Facebook seems eager to embrace this change too. “It’s our job in the ecosystem to make sure that quality is highly-rewarded,” said Matt Wyndowe, a product manager for games at Facebook. “Developers are finding that there is enormous potential in higher-quality gaming brackets.”

Meanwhile, casual mass-market developers are finding a tougher competitive landscape. You can see a visible slowdown in Zynga’s bookings growth over the past year as Facebook’s 30 percent revenue share ate into the company’s margins. Other social game developers like Kabam, Crowdstar, Funzio and perhaps most notably, OMGPOP, have diversified onto mobile platforms like iOS and Android in the face of thinning profit margins on Facebook.

“Frankly, we don’t need the viral bullshit that other developers depend on,” Harbin said in his characteristically blunt way. “We have the luxury to make the games we want to make.”

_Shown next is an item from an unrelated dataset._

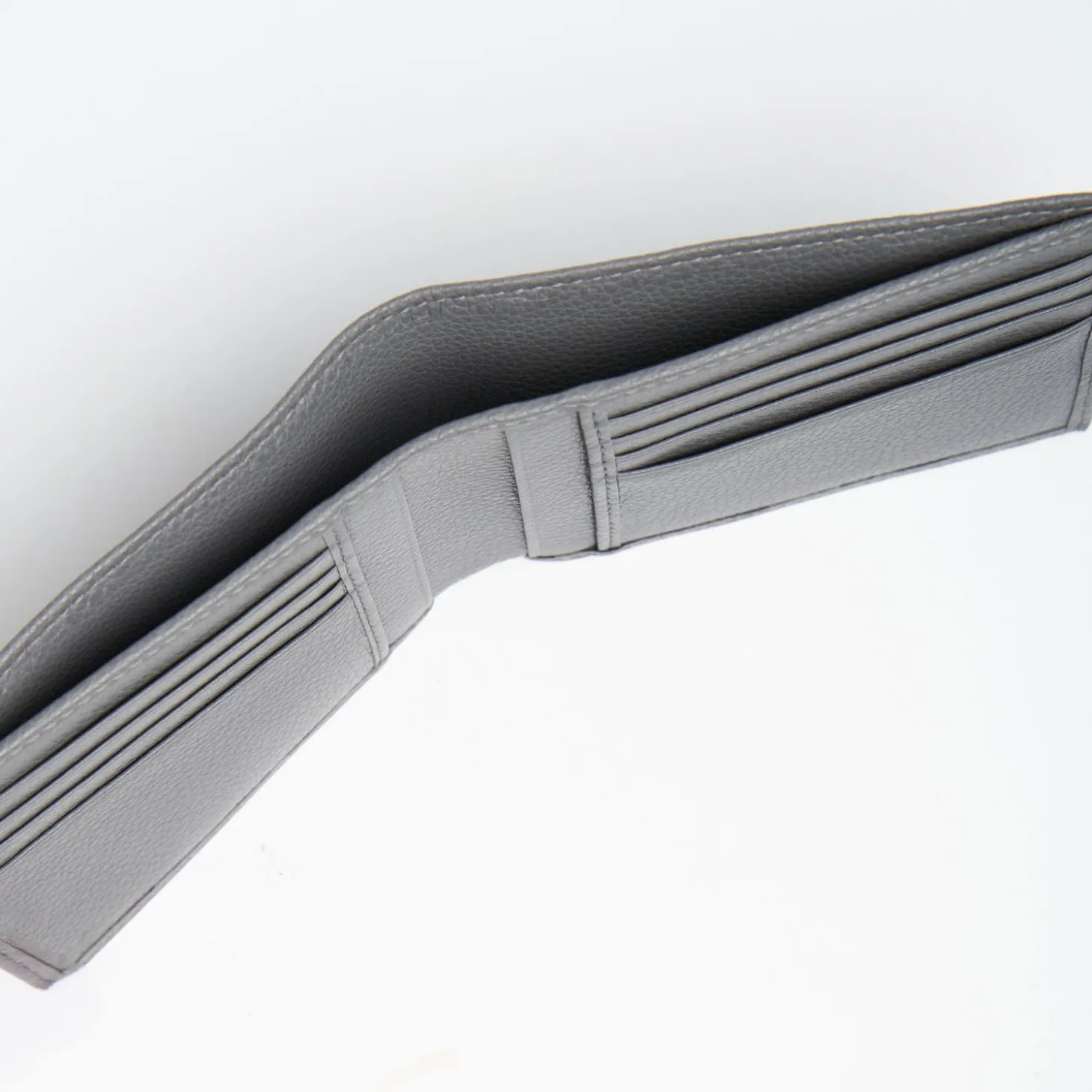 Dark Grey Hammered Leather Horizontal Wallet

Just to give you a rundown of how sticky Kixeye’s games are, the company shared some stats on engagement. The average session length in a Kixeye title is more than 30 minutes and the company’s daily active users have been playing its titles for more than seven months on average. While the average social game might make 4 cents per day per user, Kixeye makes about 20 times that on a per-user basis. (Zynga’s was 6.1 cents per day in the fourth quarter of last year, according to its earnings report.)

Surprisingly, Harbin says he’s not that interested in mobile for the time being. He’s laser-focused on browser-based games. Of course, the long-term question is about how large Kixeye’s market opportunity will ultimately be. Their approach is niche by definition, so how far can it scale?

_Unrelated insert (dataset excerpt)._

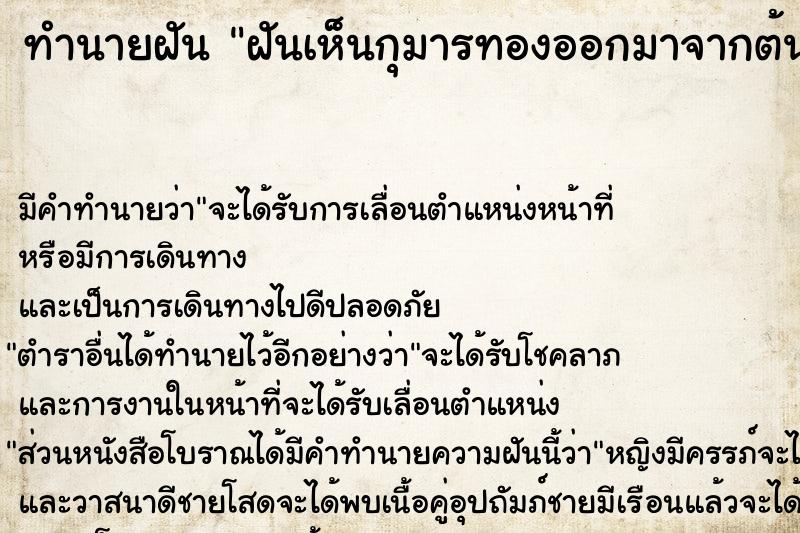 ทำนายฝันฝันเห็นกุมารทองออกมาจากต้นโพธิ์ ทำนายฝันทำนายฝันฝันเห็นกุมารทองออกมาจากต้นโพธิ์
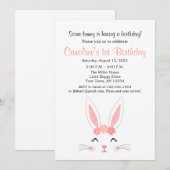 Bunny First Birthday Party Kaart (Voorkant / Achterkant)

“Our market is maybe 8 percent saturated,” Harbin said.

To grow its base, Kixeye is looking to launch a web destination off Facebook sometime in the summer. He says Facebook gaming still has a certain stigma attached to it and Kixeye’s hardcore players might feel more comfortable on a site that the company wholly owns.

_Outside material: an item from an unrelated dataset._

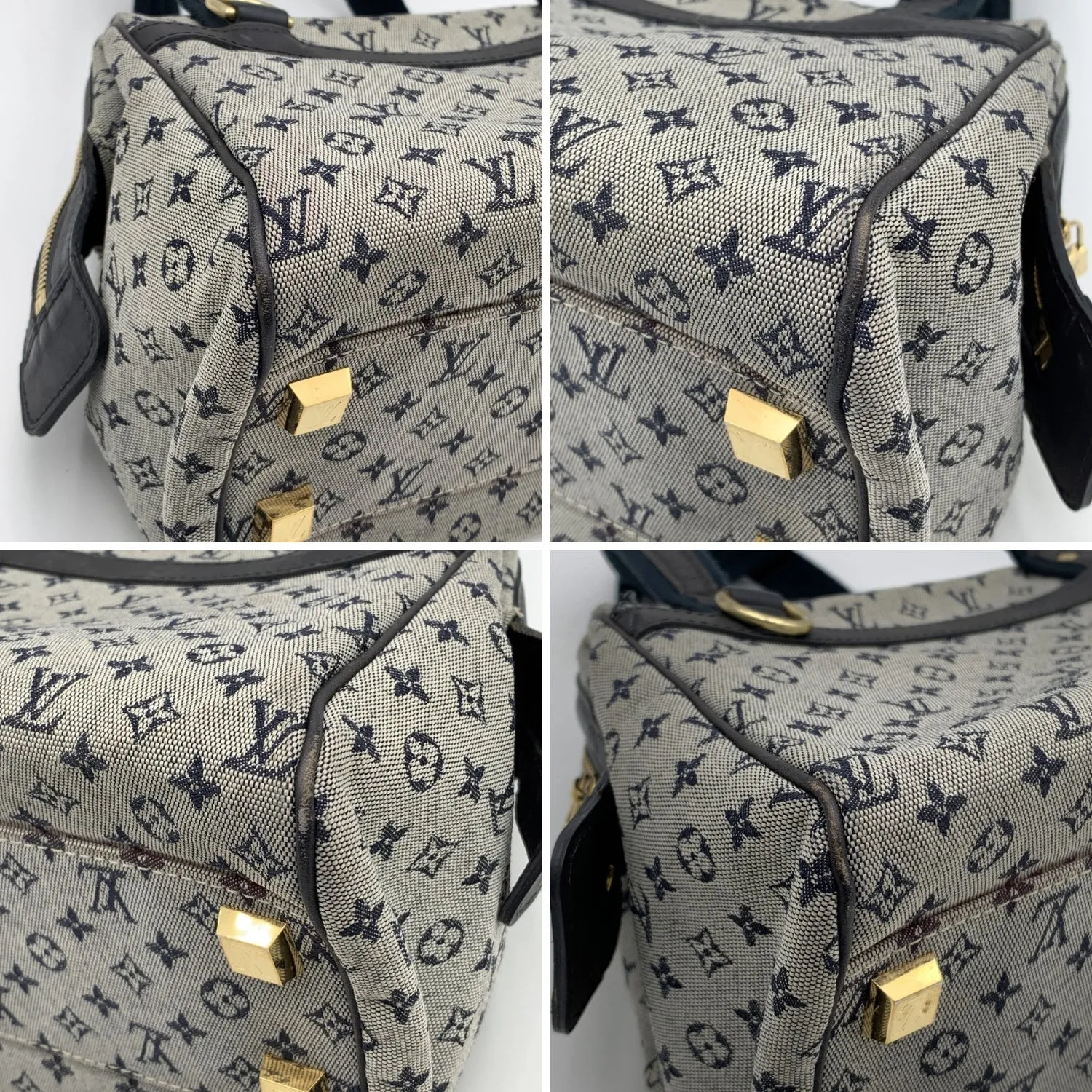 Trendy Inspired Louis Vuitton Blue Monogram Mini Lin Canvas Josephine Pm Bag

By next year, the company would like to have a 50-50 split in revenue from Facebook and from its own destination. Kixeye is also looking to staff up to about 300 people by year-end. To do so, they’ve stocked up on these ads with wolves (pictured below) that you might have seen while riding the BART trains around the San Francisco Bay Area.

The company’s momentum has piqued the interest of both investors and prospective buyers. When Andrew Trader, who was part of Zynga’s founding team, came onto the company’s board of directors last fall, Kixeye’s $18 million funding round was so oversubscribed that he couldn’t get his venture firm Maveron into the deal.

“Kixeye’s execution has been incredible,” Trader said. “They’re able to monetize revenge. When one of my friends comes to blow up my base in Battle Pirates, I can’t wait to repay the favor and I’ll pay for the privilege to speed that up.”

Born under the name Casual Collective, Kixeye has raised $19 million to date from Lightspeed Venture Partners, Jafco Ventures and Trinity Ventures. This raises the long-term question of whether Kixeye wants to stay independent or join a larger entity. Another company focused on the same demographic, KlickNation, was acquired by EA last fall.

Like many CEOs I talk to, Harbin deflects the question.

“We’re financially independent. We don’t need funding. We don’t need to sell,” he said. ” But obviously, at some point we’ll have to provide liquidity for our shareholders.”

There are interesting candidates out there. Nexon, the Asian freemium gaming company that went public just days before Zynga did, is focused on immersive games. And just because EA did KlickNation, that doesn’t mean it wouldn’t consider another gaming company like Kixeye.

Although Zynga chief executive Mark Pincus has said he’s willing to put the company’s $1.8 billion in cash and short-term securities to work on acquisitions, a Kixeye deal would frankly be an odd fit. Zynga’s mission is to do mass-market, casual and social games. While Kixeye has social titles, they are neither casual nor mass-market.

Plus, given how much Harbin harps on the strategy of other casual game-makers, it seems like he would rather be struck by a lightning bolt than be bought by Zynga. Never say never though.